Loew’s Yonge Street Theatre, designed by Thomas W. Lamb, opened December 15, 1913, as the Canadian flagship for Marcus Loew’s American vaudeville chain. Above it, a second “stacked” venue, the Winter Garden Theatre, opened February 16, 1914, modelled after 19th-century “roof garden” theatres.

 

Elgin and Winter Gardens Theatre, facade
Elgin and Winter Garden Theatres, exterior,
Yonge Street
1989
Photographer: Hill Peppard
City of Toronto Archives, Series 881, File 53

 

With the decline of vaudeville and the rise of motion pictures, the Winter Garden Theatre closed on June 16, 1928. For fifty years it sat dark and empty, coming to life only twice, for a midnight preview of a Vincent Price movie, and during the filming of the CBC’s White Oaks of Jalna series. The downstairs theatre was wired for sound and adopted a movies-only policy in 1930. It was the location for the Canadian premieres of Gone With the Wind and The Wizard of Oz.

In 1960, renovations to the downstairs theatre to accommodate Cinemascope screenings led to removal of the original opera boxes, orchestra pit and proscenium arch. In 1969, Loew’s sold its Yonge Street and Winter Garden theatres, along with Loew’s Uptown Theatre, to Canadian theatre mogul Nat Taylor. With the loss of mass movie audiences in the 1970s, many older, larger venues were either closed for good or divided up into multi-screen venues.

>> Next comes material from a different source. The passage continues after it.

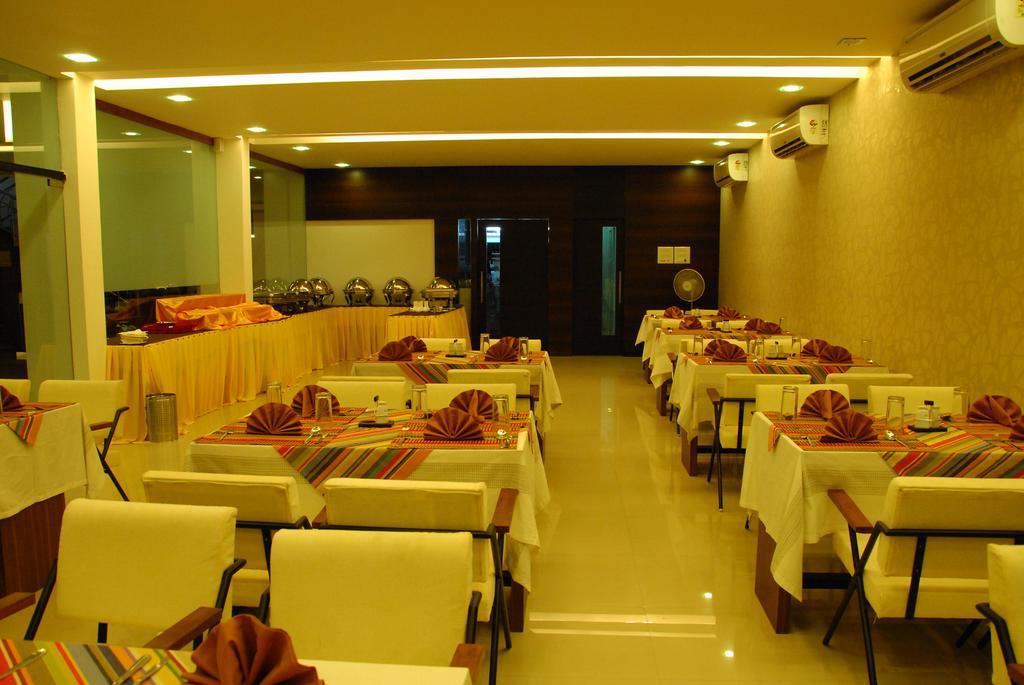 Sayoojyam Residency Hotel Palakkad Exterior photo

The Yonge Street Theatre, renamed the Elgin Theatre in 1978, managed to avoid such a fate, surviving for another decade by becoming a popular second-run movie house. However, by 1981, it too succumbed. Faced with a number of outstanding work orders, it closed its doors. At this point, the province stepped in. Using Lottario funds, the Ontario Heritage Foundation purchased the Elgin and Winter Garden theatres and, in 1982, they were designated National Historic Sites.

In 1984, the long lobby connecting the Yonge Street entrance with the theatres was fully restored in conjunction with the Toronto production of Cats, which ran from March 14, 1985 to March 14, 1987. The run of Cats proved both the viability and the shortcomings of the venue in terms of modern live theatre productions. A two-and-a-half–year renovation and restoration period followed, the largest theatre restoration project undertaken in Canada, with Mandel Sprachman as Project Architect. On December 15, 1989, its 76th anniversary, the last remaining “double-decker” or “stacked” theatres in the world re-opened.